Alice Naber-Lozeman was one of six riders to wear a helmet today at Luhmühlen. Photo by Jenni Autry. Alice Naber-Lozeman was one of six riders to wear a helmet today at Luhmühlen. Photo by Jenni Autry.

The times they are a-changin’. Five years ago, you’d be hard-pressed to find a single helmet on dressage day at an FEI competition. Now more and more big-name riders are strapping on their crash hats as helmet awareness grows within the sport. But there’s still a sizable disparity between helmet use in the States and here in Europe. Consider this stat from Rolex: 57 percent of riders wore helmets in dressage this year, or 35 out of 61 rides. Here at Luhmühlen, just six riders (22 percent) wore their helmets today on the first day of competition.

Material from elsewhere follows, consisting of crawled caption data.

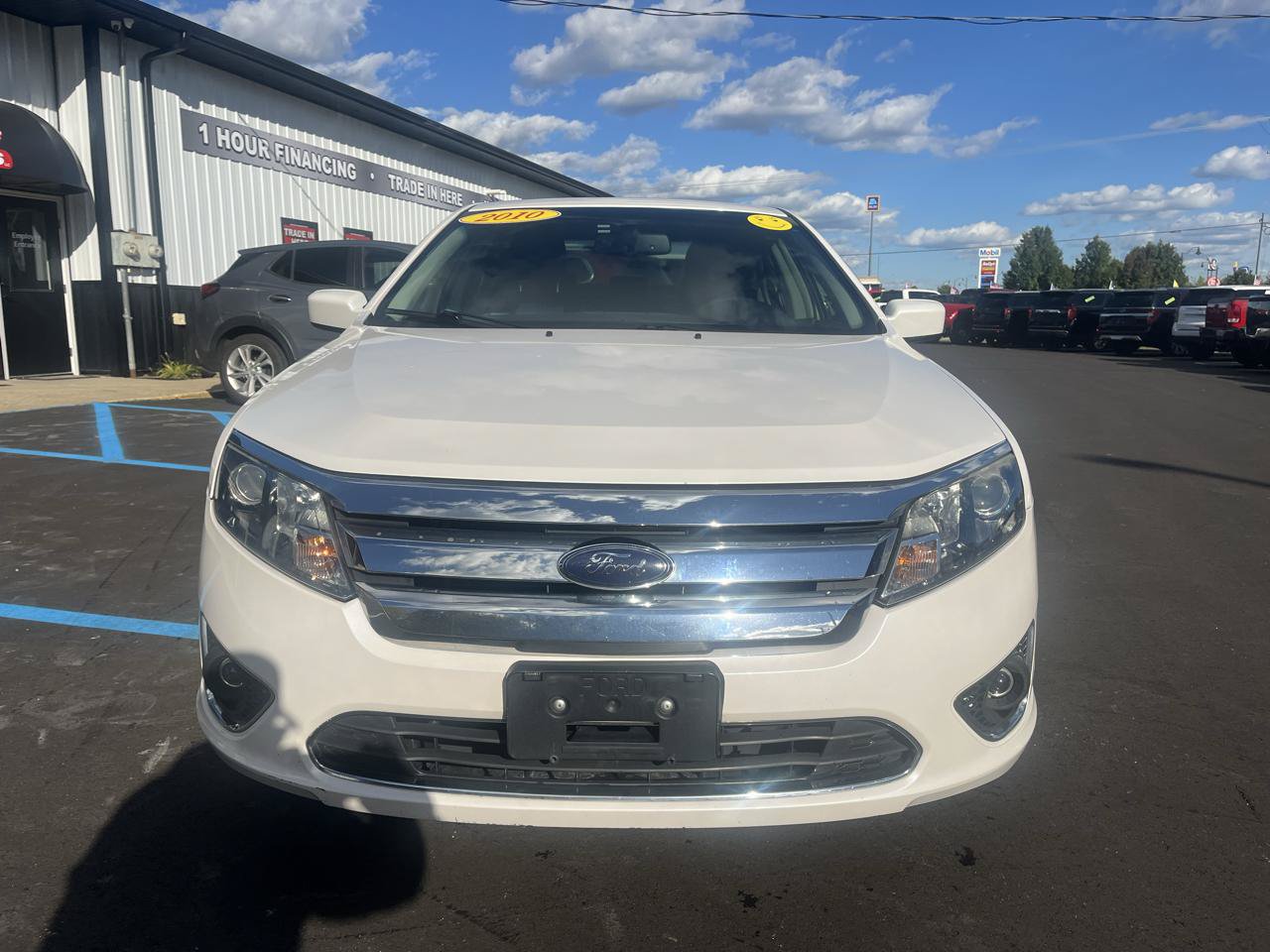 Used 2010 Ford Fusion SEL FWD image 2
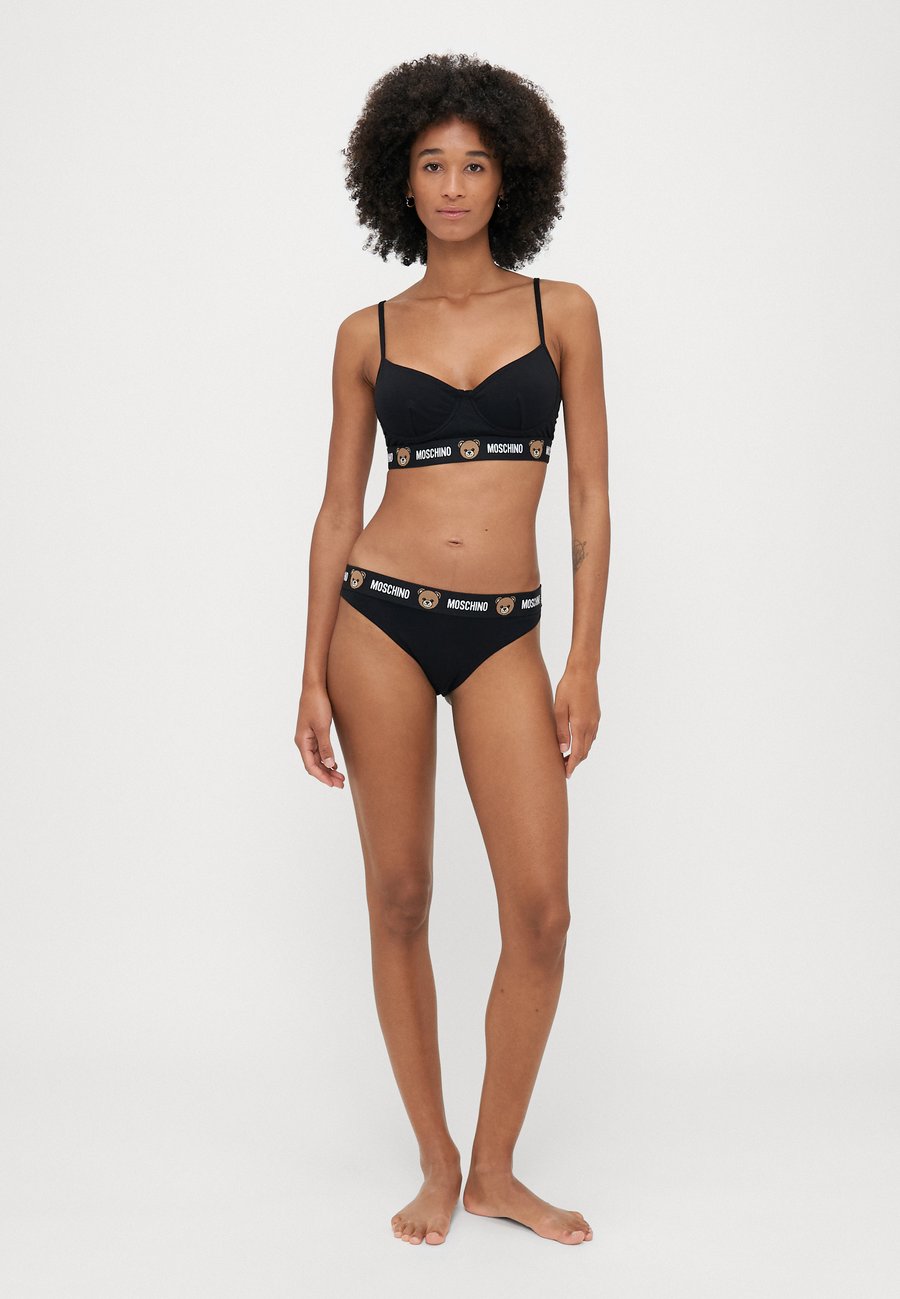 Брифы Moschino Underwear BRIEF 2 PACK, Black
Брифы Moschino Underwear BRIEF 2 PACK, Black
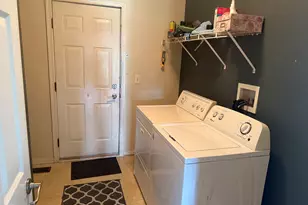 883 Prairie Crossing Dr, Yorkville, IL 60560 - Photo 15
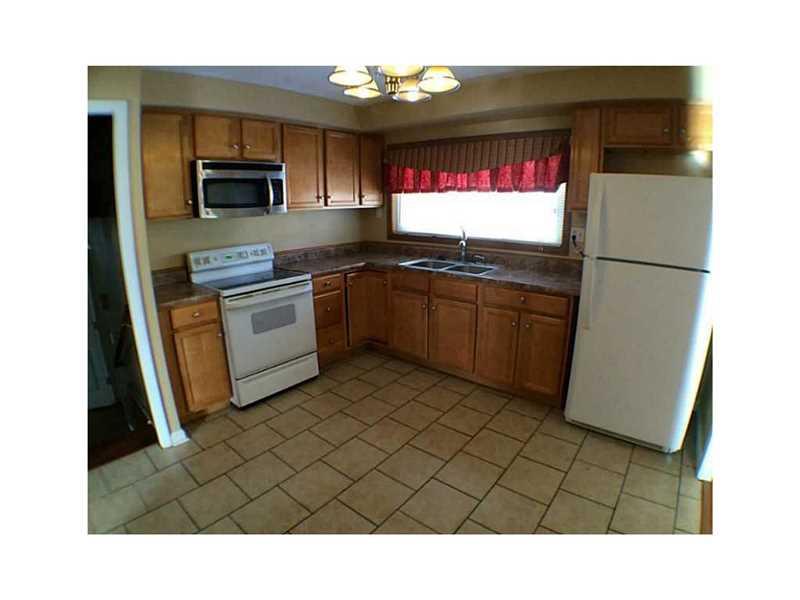 3549 Dubarry Road Indianapolis, IN 46226 - Photo 6 of 12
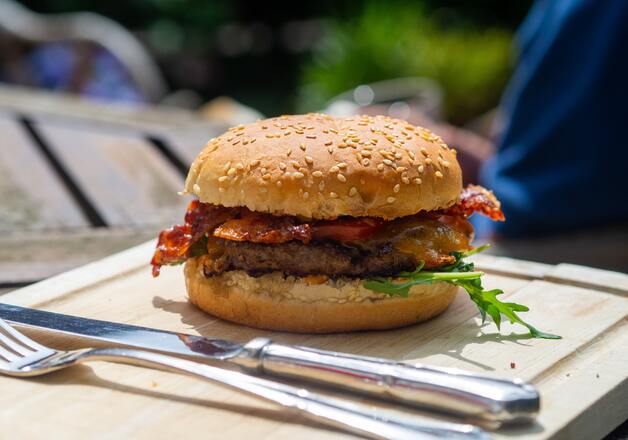 Burger fürs Barbecue Typisch amerikanische BBQ-Gerichte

Boyd and Otis before their test. Photo by Jenni Autry.

Boyd Martin and Otis Barbotiere. Photo by Jenni Autry.

Boyd Martin was the first of the day to wear a helmet, which is particularly notable because it’s the first time he’s worn one at a CCI4*, and I imagine it meant a lot to Silva that he took #mindyourmelon to heart today. French rider Rodolphe Scherer wore a helmet next, followed by Millie Dumas of Great Britain, Natalie Blundell of Australia, Alice Naber-Lozeman of the Netherlands and Malin Petersen of Sweden. Malin’s decision especially stood out considering her mount, Sofarsogood, a rather feisty Irish Sport Horse mare, melted down toward the end of the test and looked ready to head for the hills as they tried to exit the stadium.

Natalie Blundell and Algebra

Natalie Blundell and Algebra. Photo by Jenni Autry.

That’s six riders out of 27 who chose to forgo a top hat, less than half of the final percentage of riders who opted to protect their noggin at Rolex. Of course, that number could rise tomorrow — and for the sake of the #mindyourmelon movement, I’m curious to see if it does — but the stark disparity between helmet use at North America’s biggest event and a very prominent event in Europe, which also serves as the German Eventing Championships, highlights the simple fact that the tradition of the top hat is much more firmly ingrained across the pond.

Malin Petersen and Sofarsogood. Photo by Jenni Autry.

Malin Petersen and Sofarsogood. Photo by Jenni Autry.

Change happens over time. Indeed, look at how far the helmet awareness movement has come since Allison Springer first ditched her top hat at Rolex back in 2010, the only rider to do so in the entire competition. Four years later, big names like Mary King are following suit at events like Badminton, and Boyd also took the helmet plunge today. The decision to wear a helmet remains a personal choice, and while EN has always remained a strong advocate of the “every ride, every time” philosophy, we won’t lambast riders who choose to carry on the top hat tradition.

Millie Dumas and Action Packed. Photo by Jenni Autry.

Millie Dumas and Action Packed. Photo by Jenni Autry.

Instead, we’ll celebrate those who choose otherwise, especially at a major event like Luhmühlen. To Boyd, Rodolphe, Millie, Natalie, Alice and Malin: Thank you for setting a good example for other riders. Your decision to buck the trend might one day encourage others to do the same. Until then, #mindyourmelon, and Go Eventing.